Les nations surveillent leurs échanges depuis une éternité. En France, le premier Bureau de la balance du commerce a été créé il y a exactement trois siècles.

Les chiffres du commerce extérieur sont publiés régulièrement depuis la fin des années 1820. Et la Société de statistique de Paris a été créée en 1860 par des économistes qui entendaient défendre, chiffres à l’appui, le traité commercial de libre-échange signé avec l’Angleterre. Un siècle et demi plus tard, les partisans du protectionnisme assènent, eux aussi, des chiffres pour appuyer leur raisonnement. Le déficit colossal de 160 milliards d’euros enregistré dans les échanges de l’Europe avec la Chine serait ainsi la preuve qu’il faudrait absolument se protéger de l’empire du Milieu. Sauf que ce déficit pourrait bien être en réalité de 80 milliards.

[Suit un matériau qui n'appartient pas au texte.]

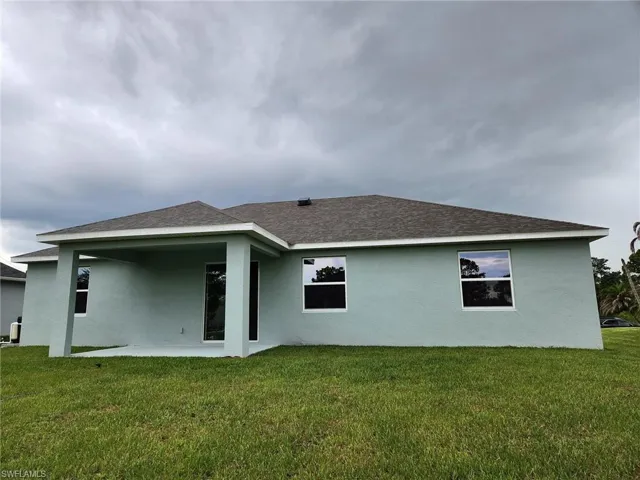 3514 42nd St Sw, Lehigh Acres, Florida 33976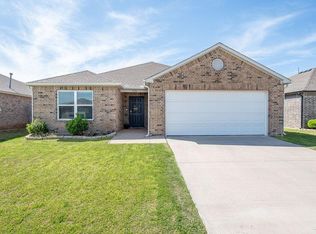 9520 NW 121st St, Yukon, OK 73099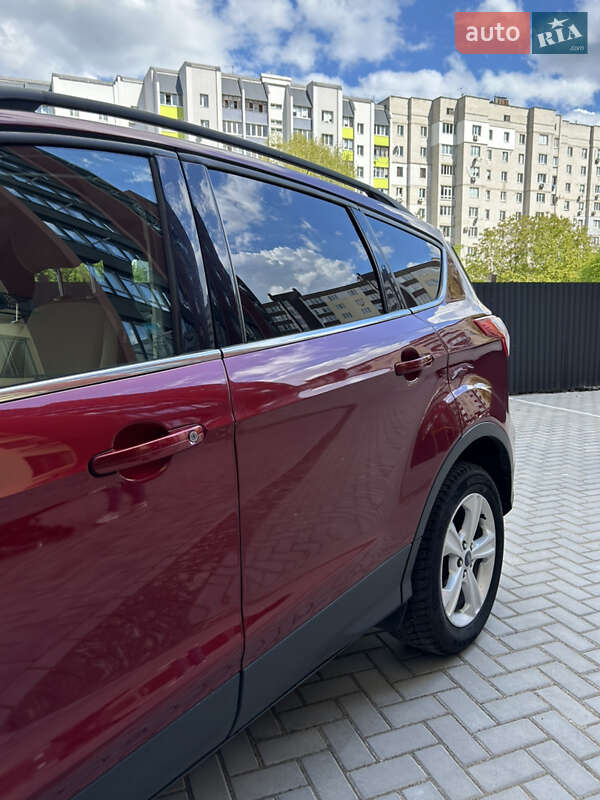 Внедорожник / Кроссовер Ford Escape 2015 в Житомире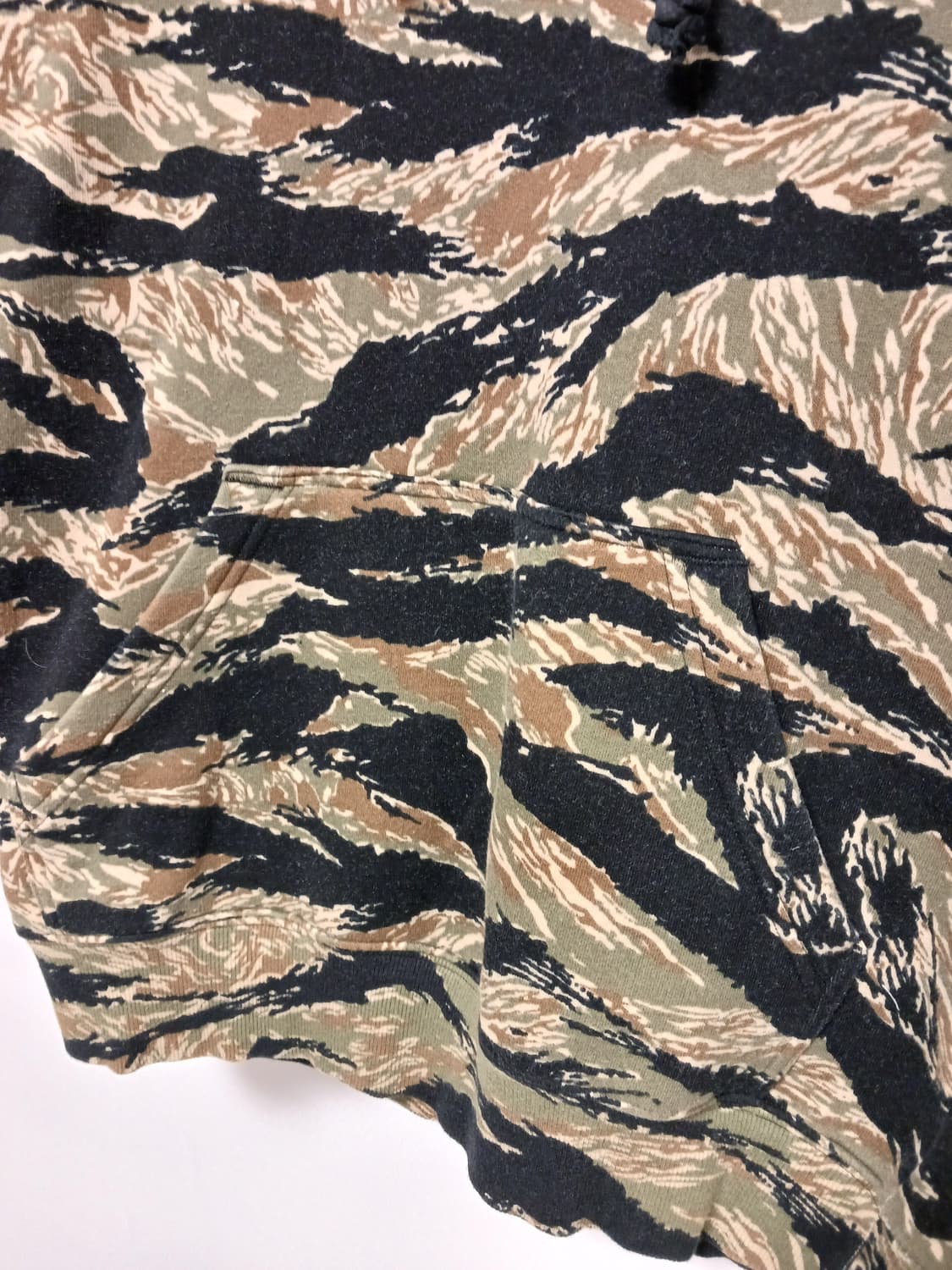 H&M 카모  기모후드티셔츠 상품이미지3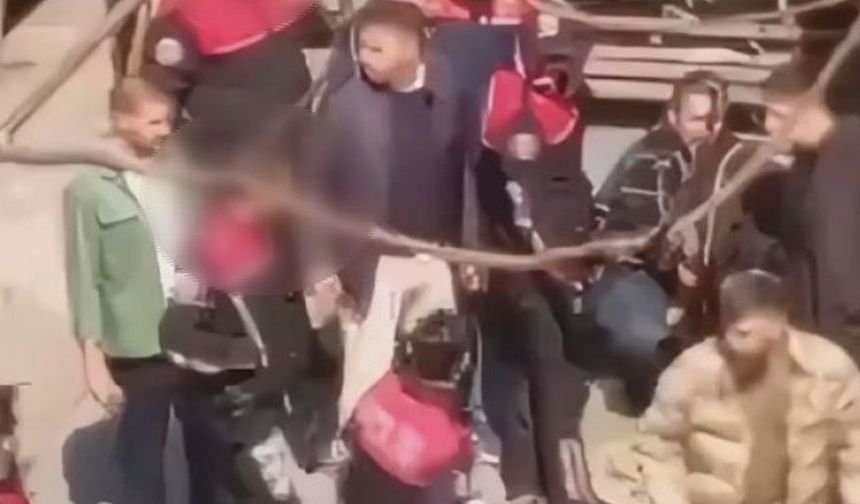 Çatışmada şüphelilerden birinin yakalandığı anlar kamerada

Car nous continuons à observer les échanges du XXI e siècle en enregistrant les exportations et les importations comme si nous étions encore au XIX e siècle, avec des producteurs nationaux fabriquant au pays des produits vendus ensuite dans le reste du monde. Or ce n’est plus du tout le cas. Quand nous achetons un iPhone made in China, le travail réalisé en Chine représente seulement 4 % de sa valeur. Le reste vient de la conception en Amérique, de composants électroniques venant du Japon, et tutti quanti. De même, quand Airbusexporte un avion vers le Qatar ou à Dubaï, cet appareil comptabilisé comme français a aussi été fabriqué en Allemagne, en Espagne et au Royaume-Uni. Les chaînes de valeur sont désormais mondiales. Pour décider, il est essentiel de voir cette réalité.